2. The Three-Step Training Recipe (SSR)

Instead of mixing everything up, ACE-Brain-0 follows a specific recipe:

Step 1: Build the Scaffold (The "Architect")

First, they train the AI only on spatial puzzles. They teach it to understand 3D shapes, distances, and how objects move in space.

  • Analogy: Think of this as training a master architect. This architect doesn't know how to drive or fly yet, but they are an expert at understanding blueprints, gravity, and how buildings fit together. This creates a strong, shared foundation.

Step 2: Specialize (The "Apprentices")

Next, they take that master architect and train separate "apprentices" for specific jobs, using the architect's knowledge as a base.

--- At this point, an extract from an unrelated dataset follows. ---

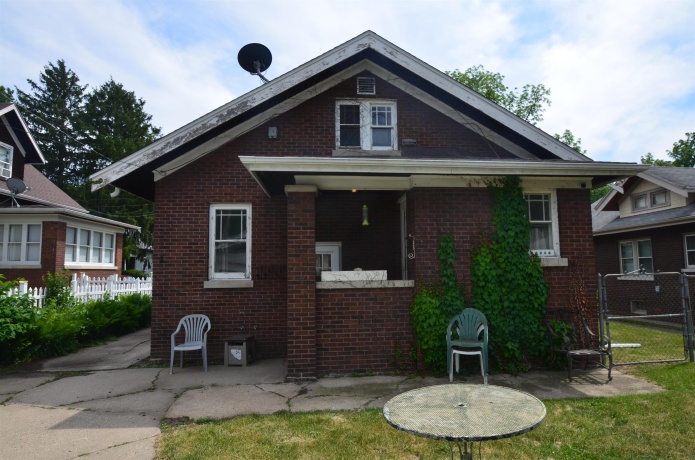 2236 17th, ROCKFORD, Illinois 61104, 2 Bedrooms Bedrooms, ,1 BathroomBathrooms,House,For Sale,17th,202603093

  • The Driver Apprentice: Takes the spatial knowledge and learns traffic rules.
  • The Drone Apprentice: Takes the spatial knowledge and learns wind patterns and aerial navigation.
  • The Robot Apprentice: Takes the spatial knowledge and learns how to grab cups and open doors.
  • Why this works: Because they all started with the same "Architect" knowledge, they don't have to relearn how 3D space works. They just learn the specific rules of their job. This prevents them from forgetting the basics.

Step 3: Reconcile (The "Merging")

Now, the researchers have four different experts. They want one brain that can do all four jobs. Instead of mixing their training data (which causes confusion), they use a mathematical trick to merge their brains without looking at any new data.

  • Analogy: Imagine you have four different chefs. One is great at Italian food, one at Chinese, one at French, and one at Mexican. Instead of forcing them to cook all four cuisines at once (which would result in a messy stew), you take their recipes and mathematically blend their "flavor profiles" into one "Master Chef" who knows how to cook all four perfectly.
  • This step combines the skills without the "forgetting" or "confusion" that usually happens.

3. The Final Polish: Reinforcement Learning

Finally, they let this "Master Chef" practice on real-world scenarios and give it feedback (like a coach saying "Good job!" or "Try that again"). This sharpens its decision-making skills.

Why is this a Big Deal?

Before this, AI models were usually "jacks of all trades, masters of none," or they were great at one thing but terrible at others.

ACE-Brain-0 proved that if you build a strong Spatial Foundation first, you can teach a single AI to:

  • Drive a car safely.
  • Fly a drone through a city.
  • Manipulate objects with a robot arm.
  • Solve complex 3D puzzles.

It does all of this better than previous models, and it doesn't forget how to do one job when it learns another. It's like having a single brain that can be a pilot, a driver, and a handyman all at the same time, because they all share the same understanding of how the physical world works.